Short descriptive text snippets
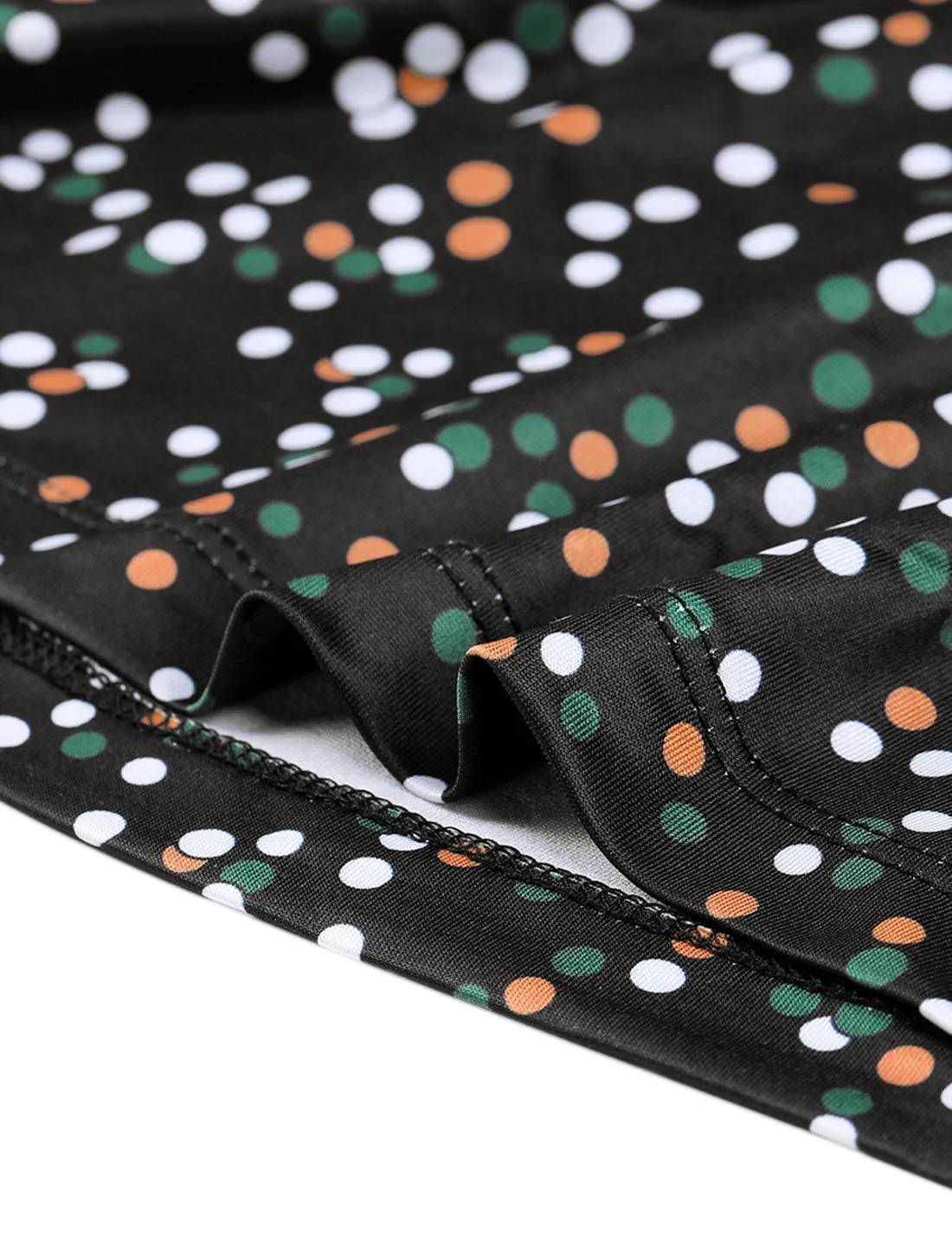 Ruffled Round Neck Raglan Sleeve Summer Polka Dots Blouse Top sold by Allegra K product image thumbnail 5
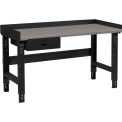 Global Industrial Adjustable Height Workbench with Drawer, Black, Steel Square Edge Top, 60" x 30"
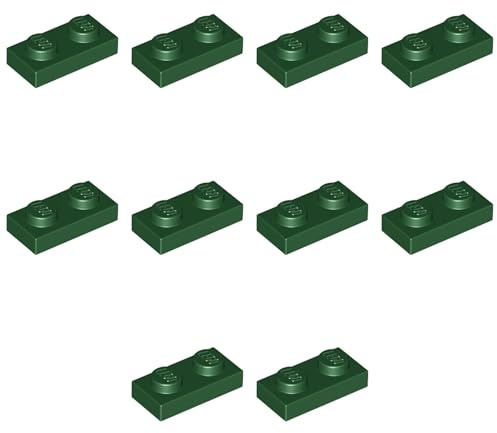 LEGO Plate 1 x 2, Part 3023, Building Brick Component (Dark Green, 10, Bricks)
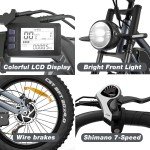 20" Electric Bike 750W 48V 14Ah Motor Cycle Dual Suspension Fat Tire Adult Ebike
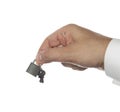 Hand holding key and padlock with clipping path Royalty Free Stock Photo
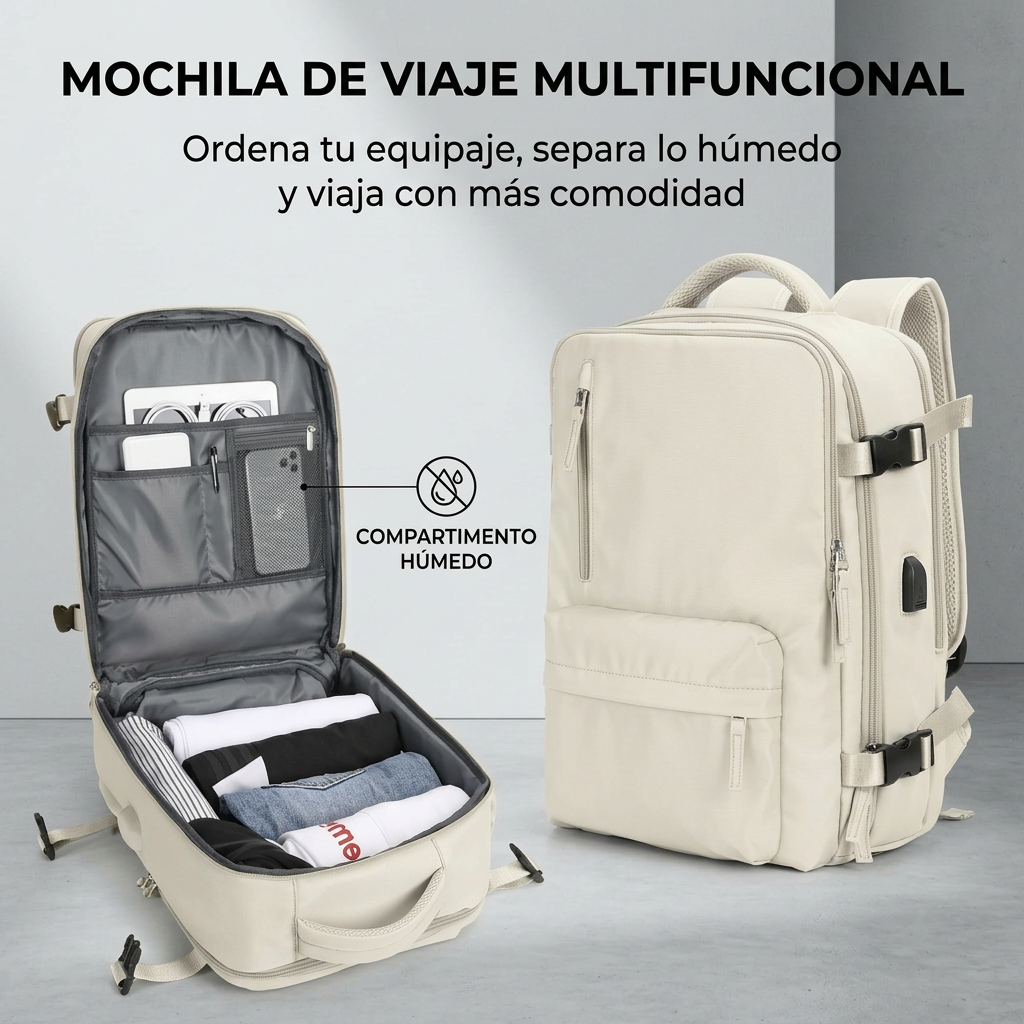 Bolsa de Viaje KREAVAN 3-en-1 - Maleta de Mano Impermeable con Separación Húmedo/Seco y Compartimento para Calzado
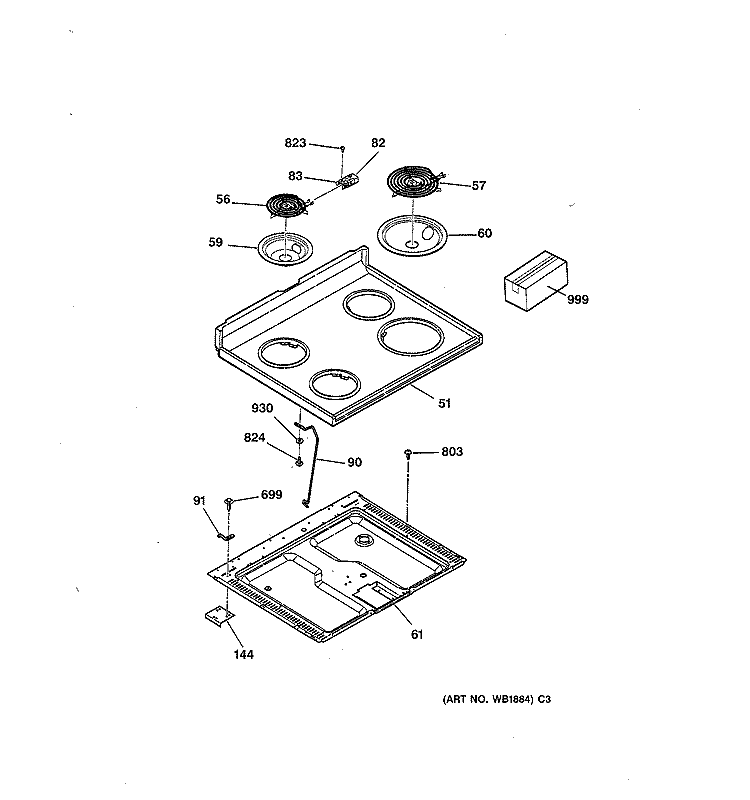 COOKTOP Diagram and Parts List for LEB116GT1WH  General Electric Range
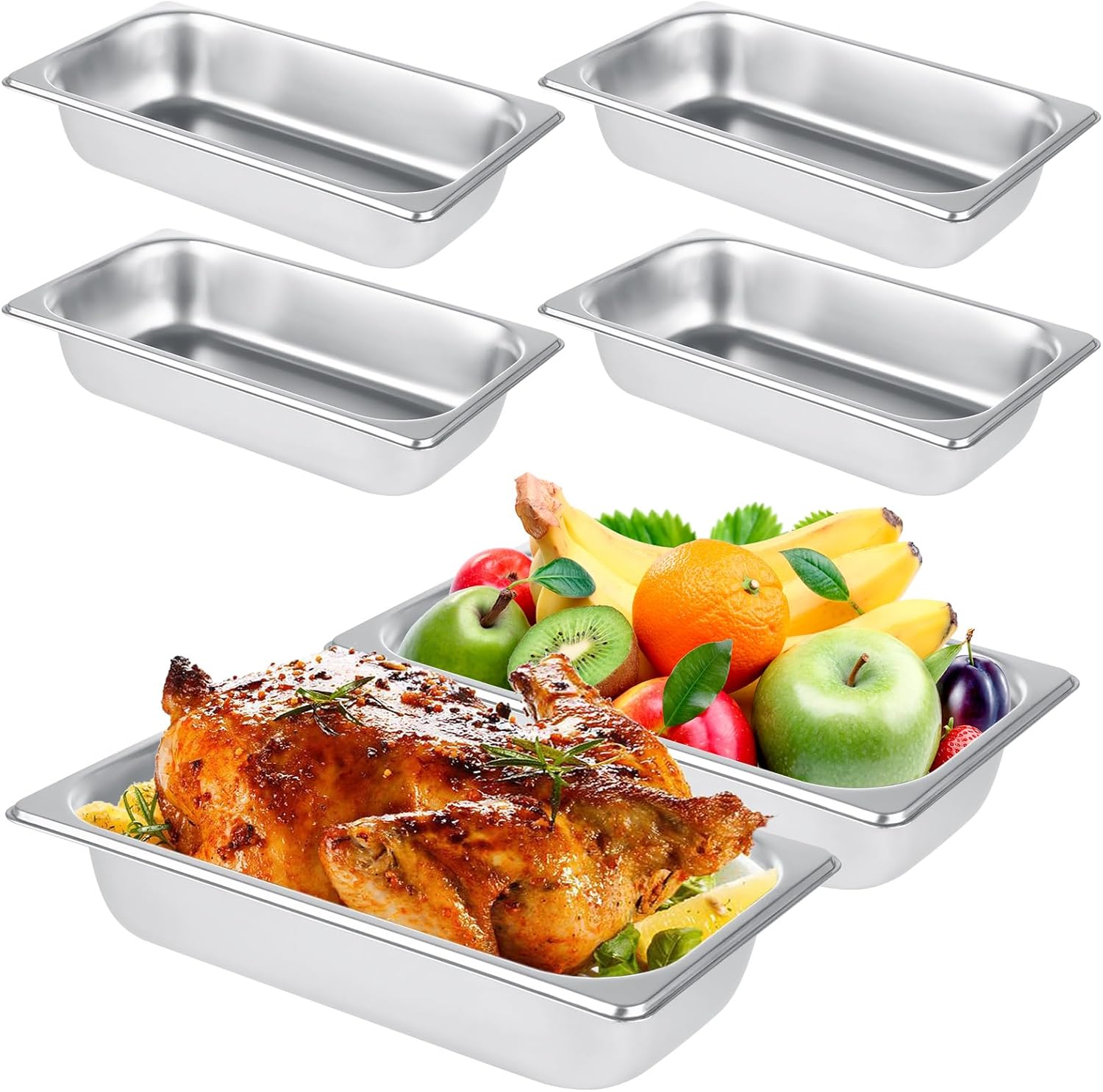 6 Pack 1/3 Hotel Pans 2.5 Inch Deep Stainless Steel Food Pan 1/3 Size 2.5" Deep Steam Table Pan Stainless Steel Commercial Food Pans for Hotel, Restaurant, Buffet, Home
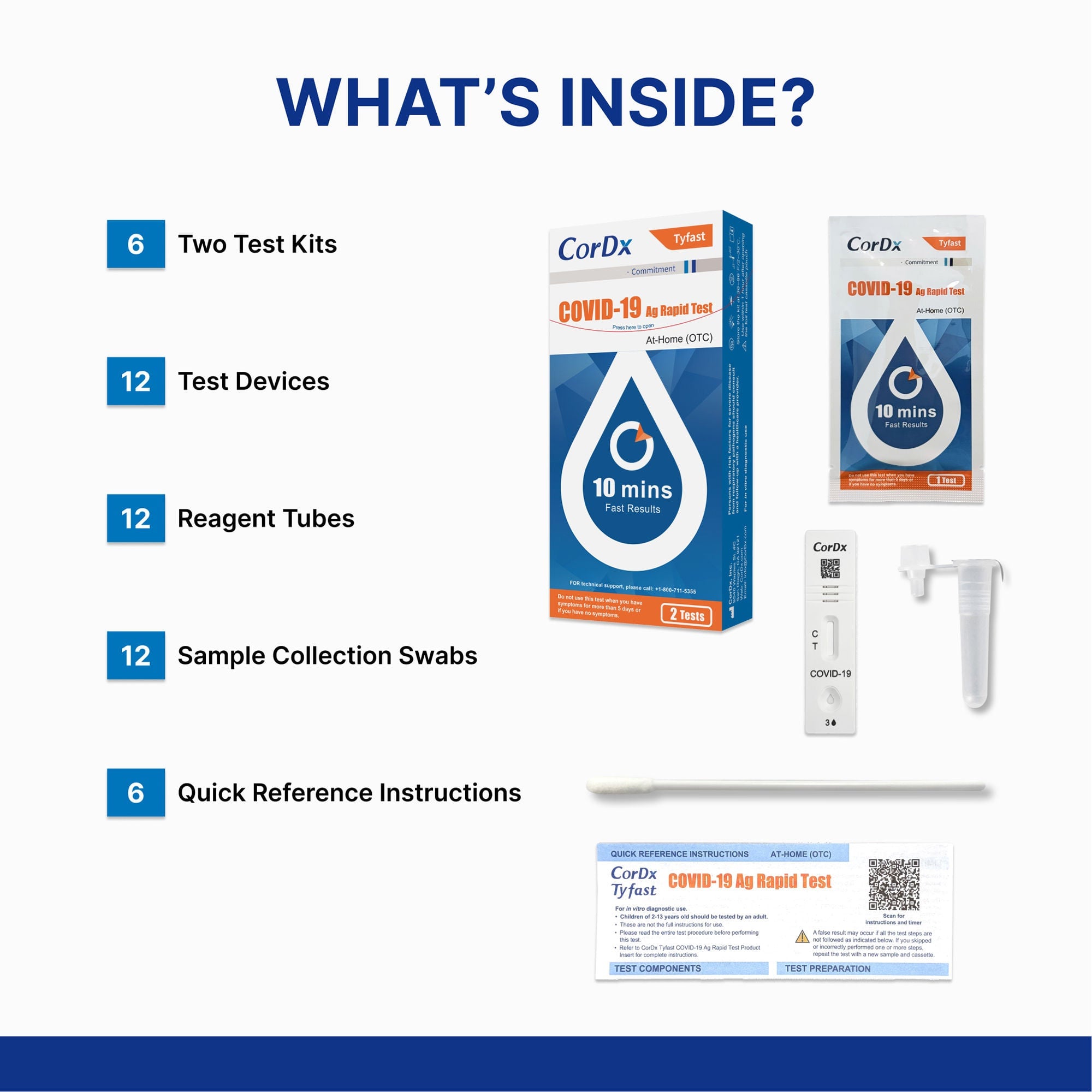 CorDx Inc - ACT210032B06 Respiratory Test Kit CorDx COVID-19 Ag Home Test 2 Tests per Kit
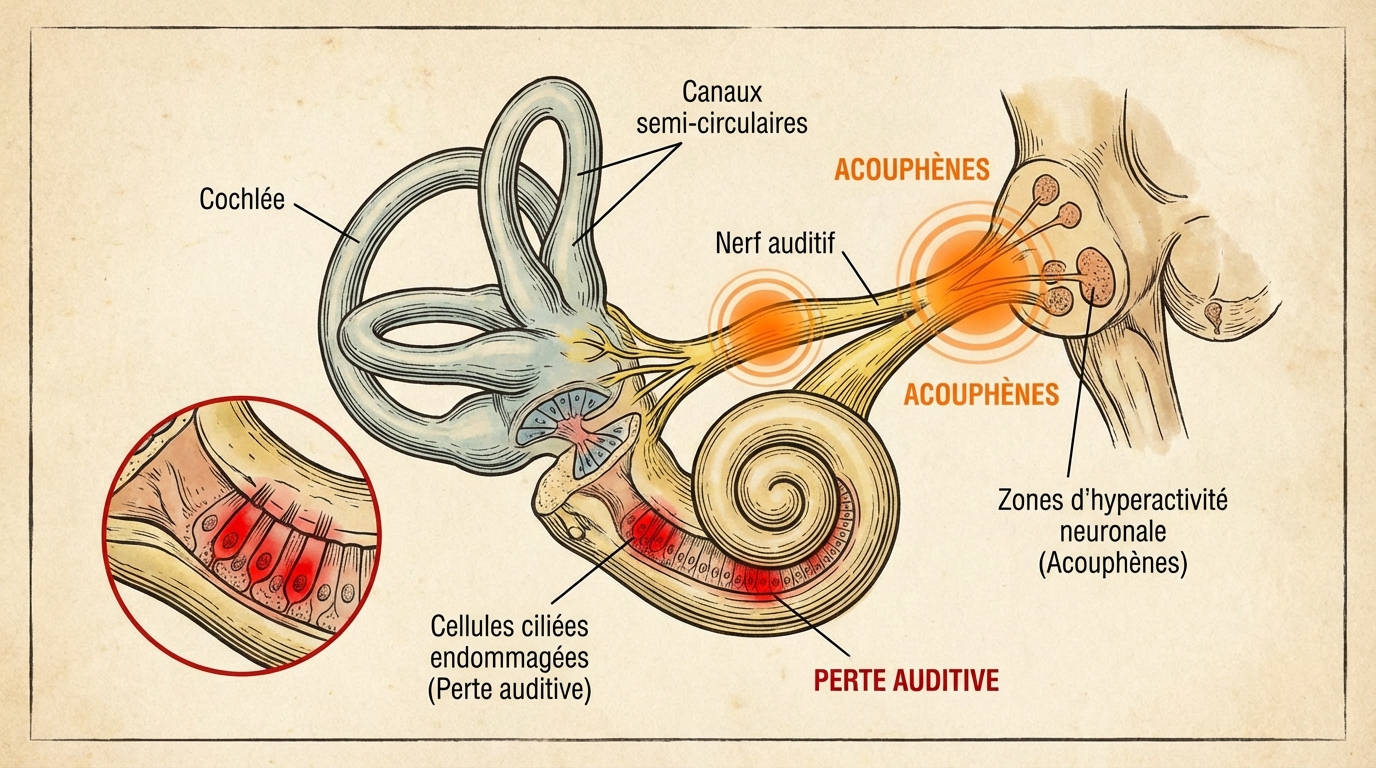 perte d'audition acouph&egrave;nes sch&eacute;ma oreille interne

* Task to carry out
Lines from the one containing "Bolsa de Viaje" through the end of the entries above, both included, are to be written out exactly; no pictures and no other lines.

* Solution for this task
 Bolsa de Viaje KREAVAN 3-en-1 - Maleta de Mano Impermeable con Separación Húmedo/Seco y Compartimento para Calzado
 COOKTOP Diagram and Parts List for LEB116GT1WH  General Electric Range
 6 Pack 1/3 Hotel Pans 2.5 Inch Deep Stainless Steel Food Pan 1/3 Size 2.5" Deep Steam Table Pan Stainless Steel Commercial Food Pans for Hotel, Restaurant, Buffet, Home
 CorDx Inc - ACT210032B06 Respiratory Test Kit CorDx COVID-19 Ag Home Test 2 Tests per Kit
 perte d'audition acouph&egrave;nes sch&eacute;ma oreille interne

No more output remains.